In recent years, China's economic development has been very rapid. While China is developing rapidly, each province has contributed its share, but in different regions, economic development is different. Different regions must have advantages in different aspects, so in order to divide China's 31 provinces into different categories. In order to get the ranking of the provinces that have the greatest impact on China's economy. We first adopt the method of principal component analysis to reduce the dimensions of 11 variables that affect the economic factors of each province, and obtain two principal components to reflect all sample information. Then, perform dimensionality reduction and cluster analysis on the obtained data, and use the sum of squared variance (WARD) method to perform cluster analysis on the two principal components. Finally, the social development of 31 provinces in my country is divided into 4 categories. It is concluded that Beijing and Shanghai are first-level developed provinces, Jiangsu and Guangdong are second-level developed provinces, Hebei, Sichuan, Hunan, Shandong, Henan, Shanxi, and Hubei are third-level developed provinces, Tianjin, Hainan, Tibet, Qinghai, Ningxia, Inner Mongolia, Jilin, Gansu, Xinjiang, Fujian, Chongqing, Liaoning, Anhui, Shaanxi, Jiangxi, Guizhou, Yunnan, Heilongjiang, and Guangxi are four-tier developed provinces. I hope our results can help relevant departments.
基于聚类分析和主成分分析的2019年中国经济区域划分
近年来,中国的经济发展非常迅速。在中国快速发展的同时,每个省份都贡献了自己的份额,但在不同的地区,经济发展是不同的。
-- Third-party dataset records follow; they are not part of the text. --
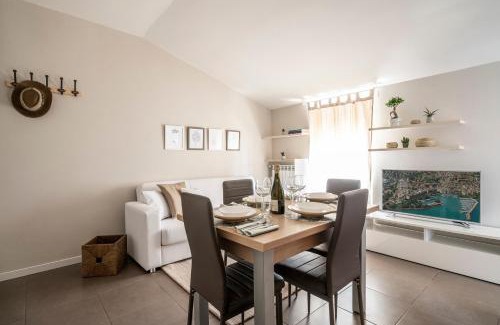 Desenzano del Garda Apartamento | L'Angelica Holiday Home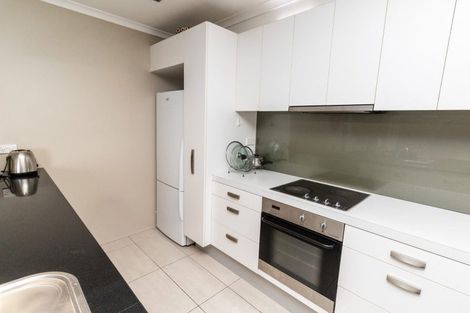 Photo of property in Bellagio Apartments, 9e/39 Taranaki Street, Te Aro, Wellington, 6011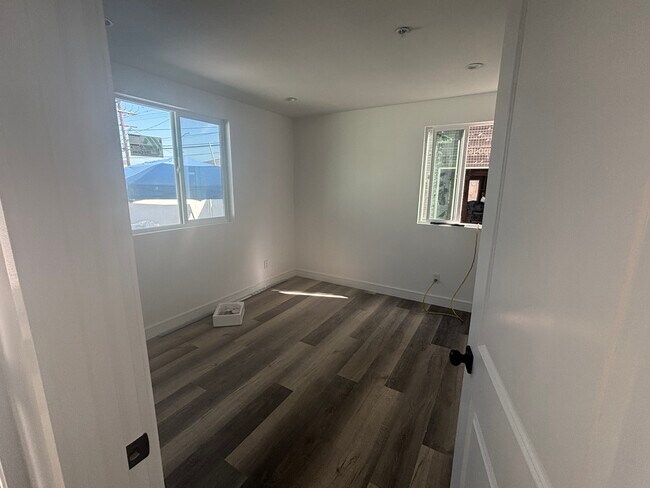 3006 S Palm Grove Ave unit 2, Los Angeles, CA 90016 - photo 4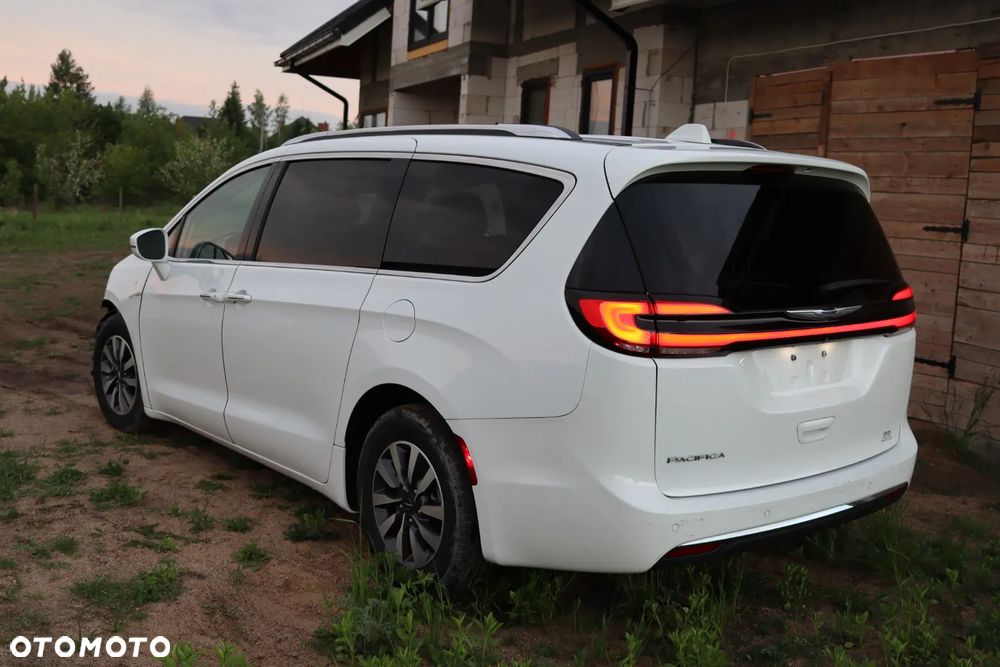 Chrysler Pacifica - 6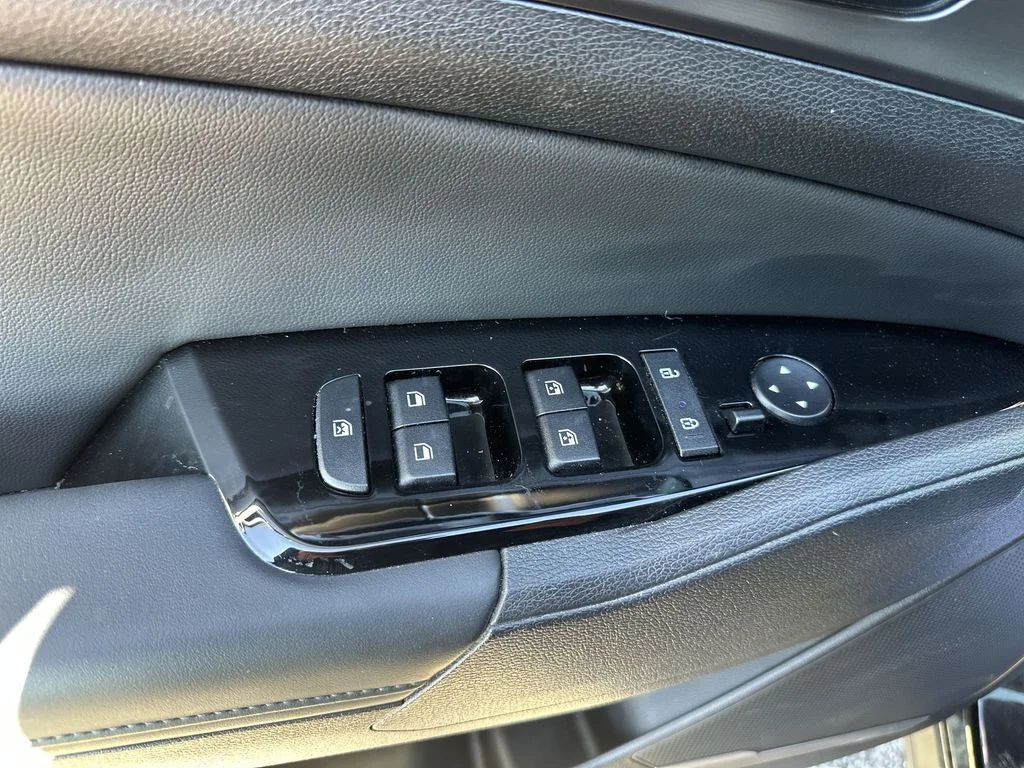 Used 2025 Black Kia EX image 15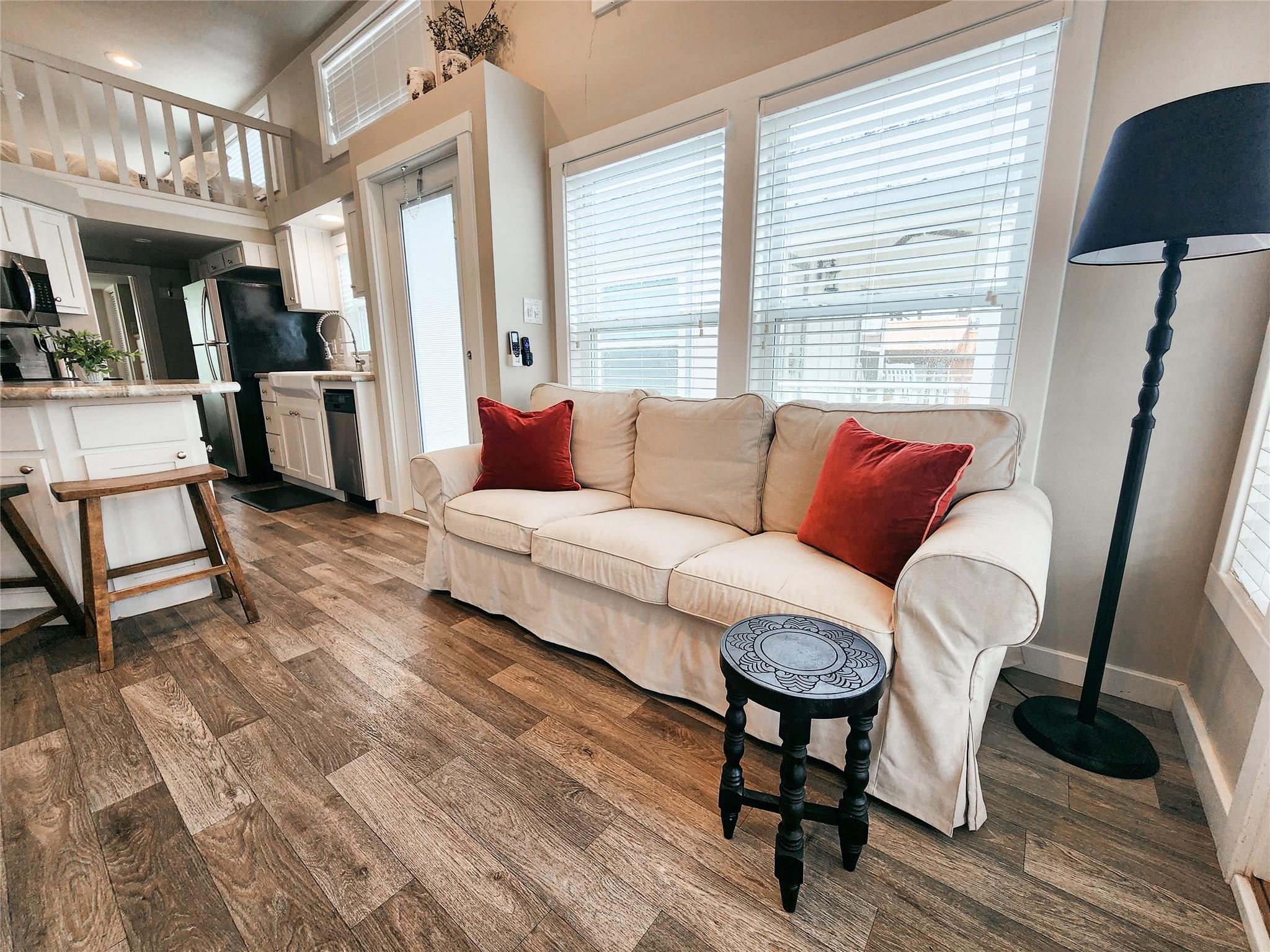 Image 10 of 28 For 282 Park Ave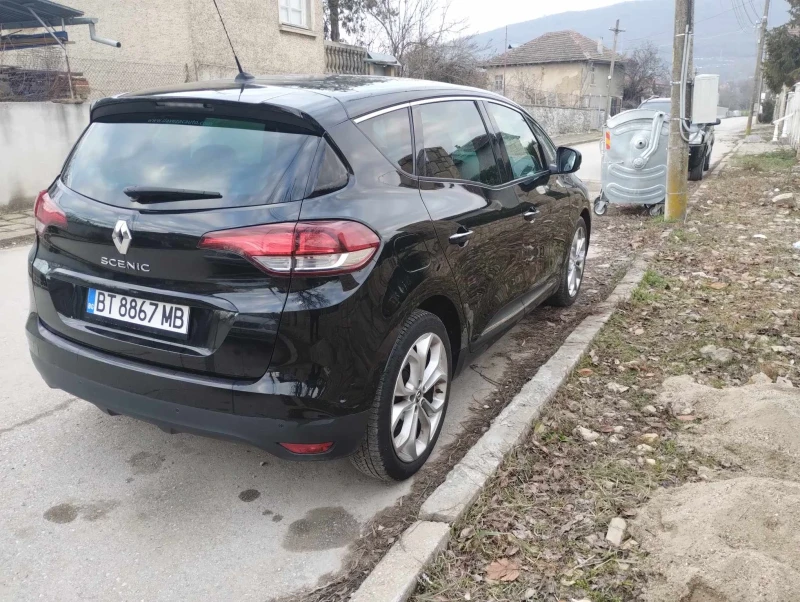 Renault Scenic 1.5 DCi, снимка 7 - Автомобили и джипове - 48921679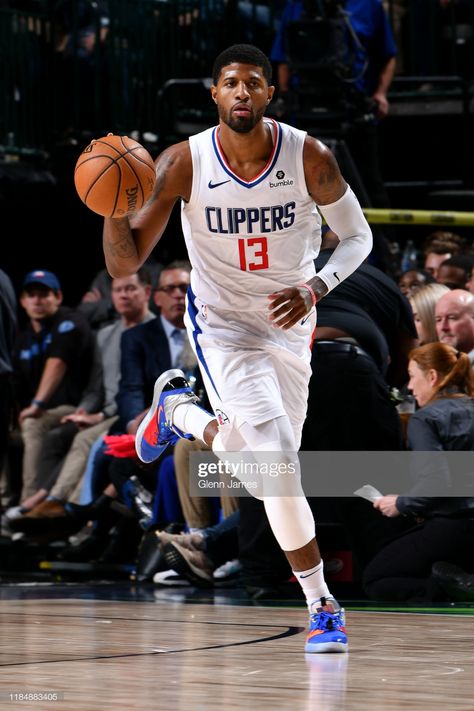 News Photo : Paul George of the LA Clippers handles the ball... American Airlines Center, Paul George Wallpapers, Paul George Clippers, Westbrook Shoes, Ronaldo Ronaldinho, La Clippers, Nba Wallpapers, Basketball Star, Paul George
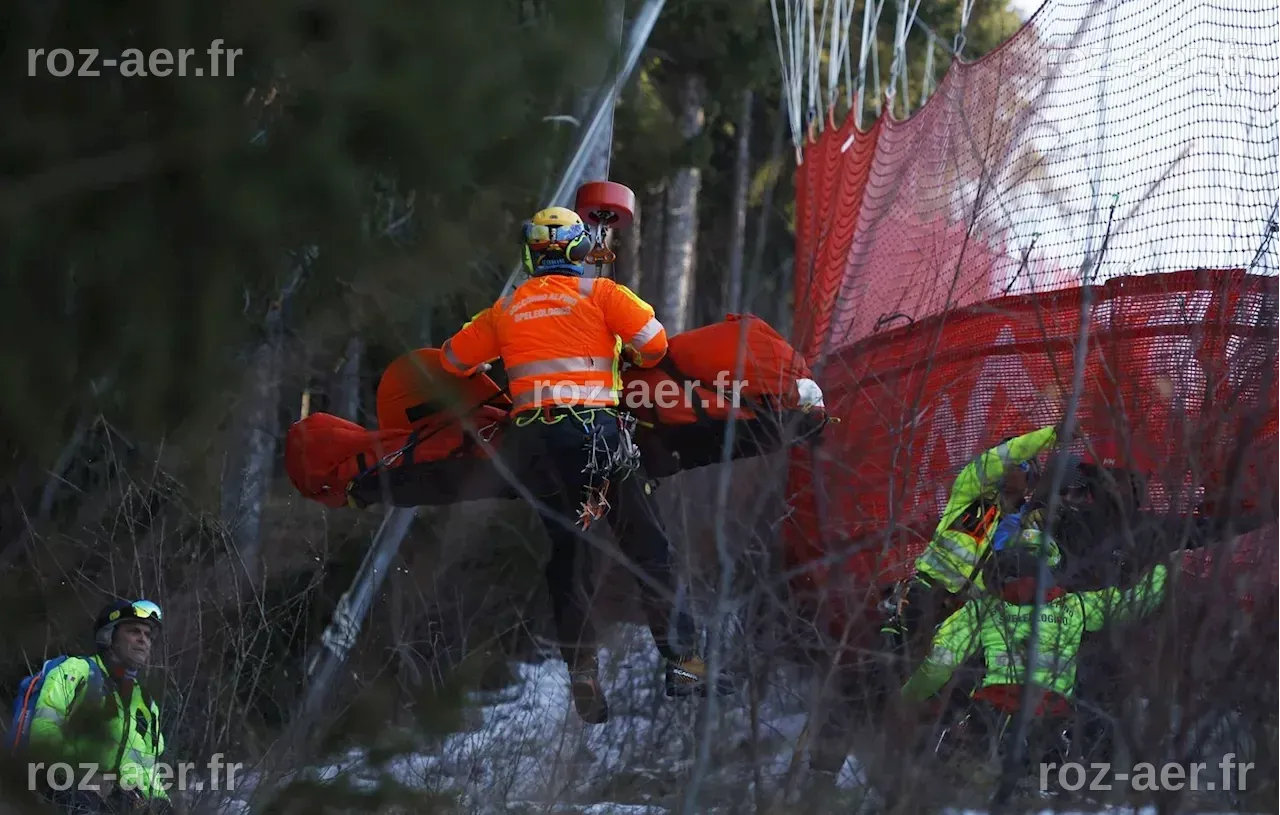 Chute spectaculaire pour Cyprien Sarrazin à Bormio | SPORT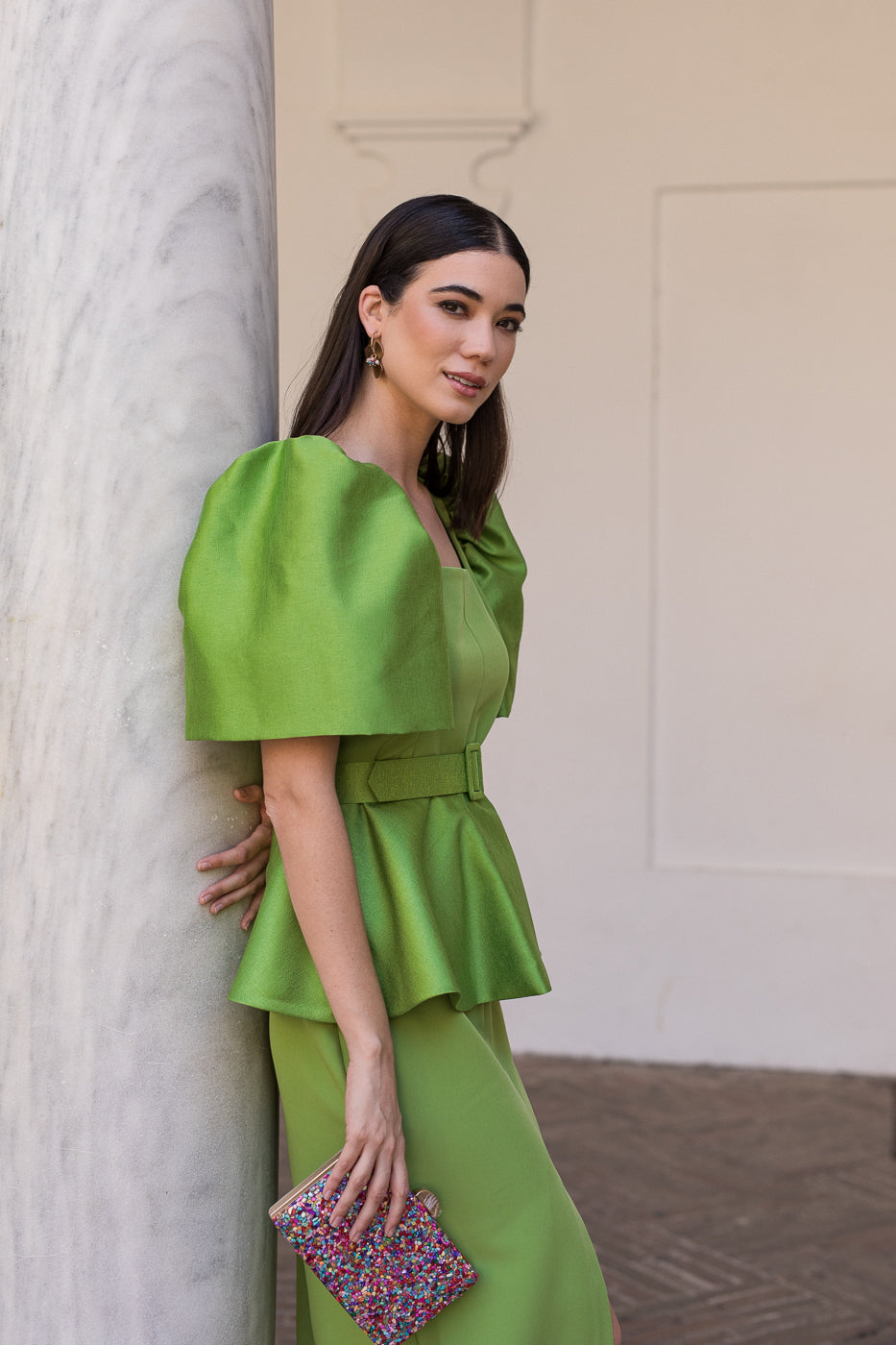Vestido volante en cintura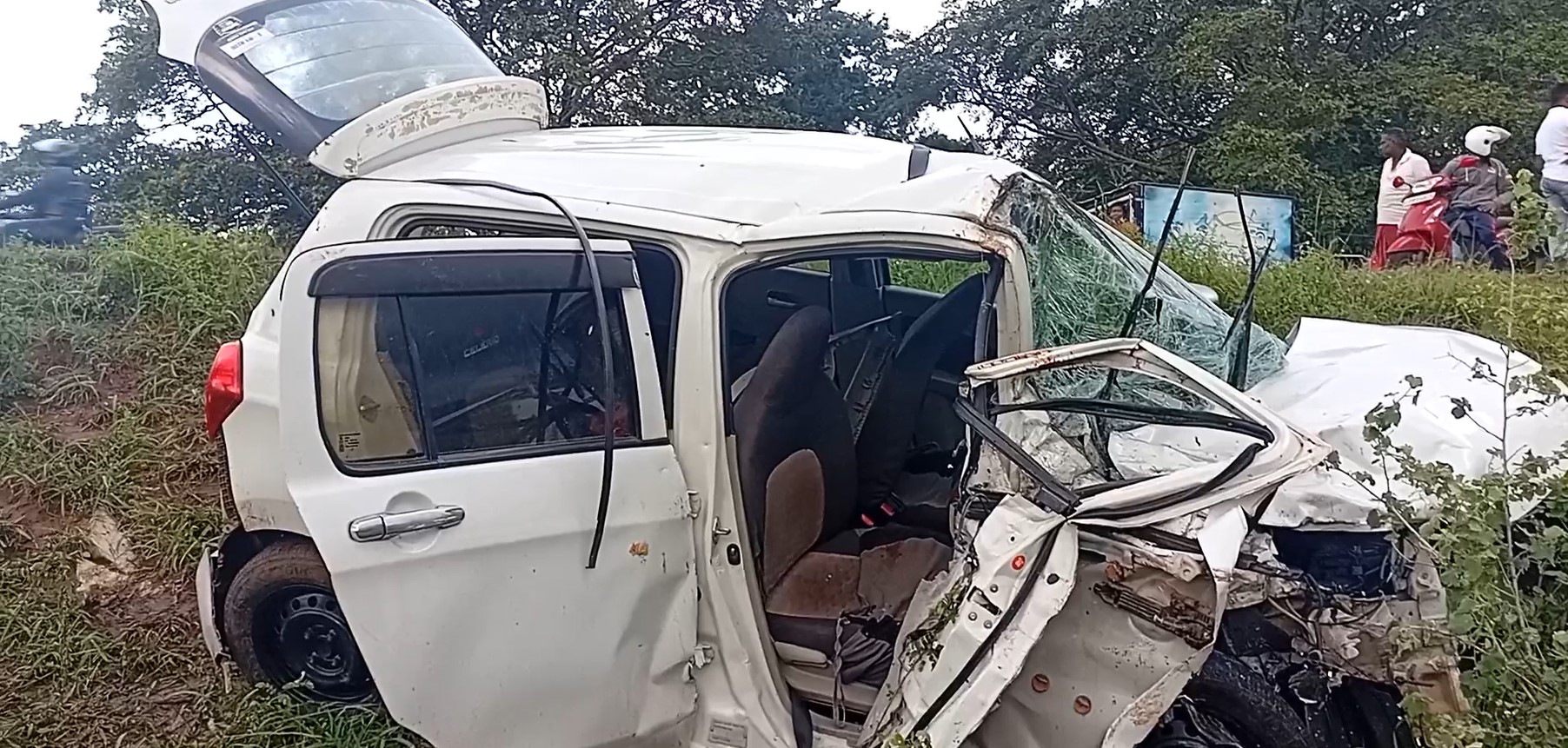 කැබිතිගොල්ලෑව මාරක රිය අනතුරින් එක් අයෙක් මිය ගොස් තිදෙනෙක් රෝහලේ .. කැබිතිගොල්ලෑව මාරක රිය අනතුරින් එක් අයෙක් මිය ගොස් තිදෙනෙක් රෝහලේ ..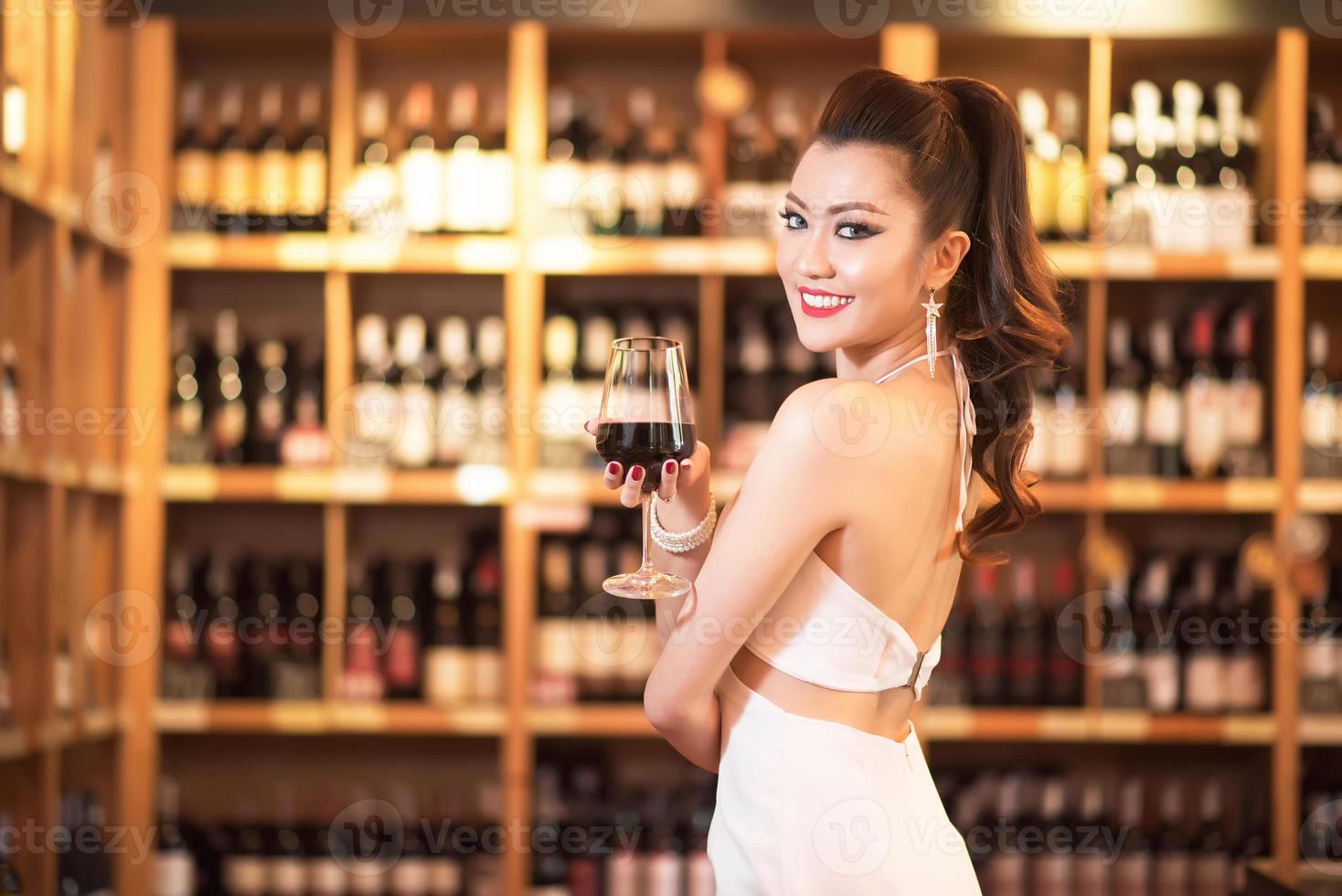 hermosa mujer asiática con una copa de vino foto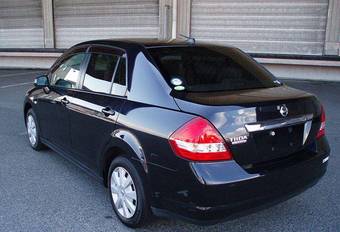 2004 Nissan Tiida Latio Pictures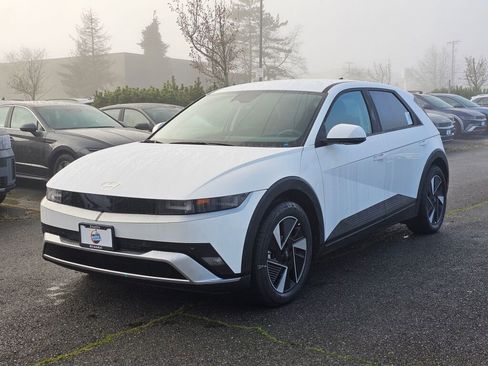 New 2026 Hyundai Ioniq 5 SE image 3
不同的地区必须有不同的优势,所以为了把中国的31个省份划分成不同的类别。为了得到对中国经济影响最大的省份的排名。我们首先采用主成分分析的方法,对影响各省经济因素的11个变量进行降维,得到反映全部样本信息的两个主成分。然后对得到的数据进行降维和聚类分析,并使用方差平方和(WARD)方法对两个主成分进行聚类分析。最后,将我国31个省份的社会发展情况划分为4类。结果表明:北京、上海为一级发达省份,江苏、广东为二级发达省份,河北、四川、湖南、山东、河南、山西、湖北为三级发达省份,天津、海南、西藏、青海、宁夏、内蒙古、吉林、甘肃、新疆、福建、重庆、辽宁、安徽、陕西、江西、贵州、云南、黑龙江、广西为四级发达省份。我希望我们的研究结果能对相关部门有所帮助。
本文章由计算机程序翻译,如有差异,请以英文原文为准。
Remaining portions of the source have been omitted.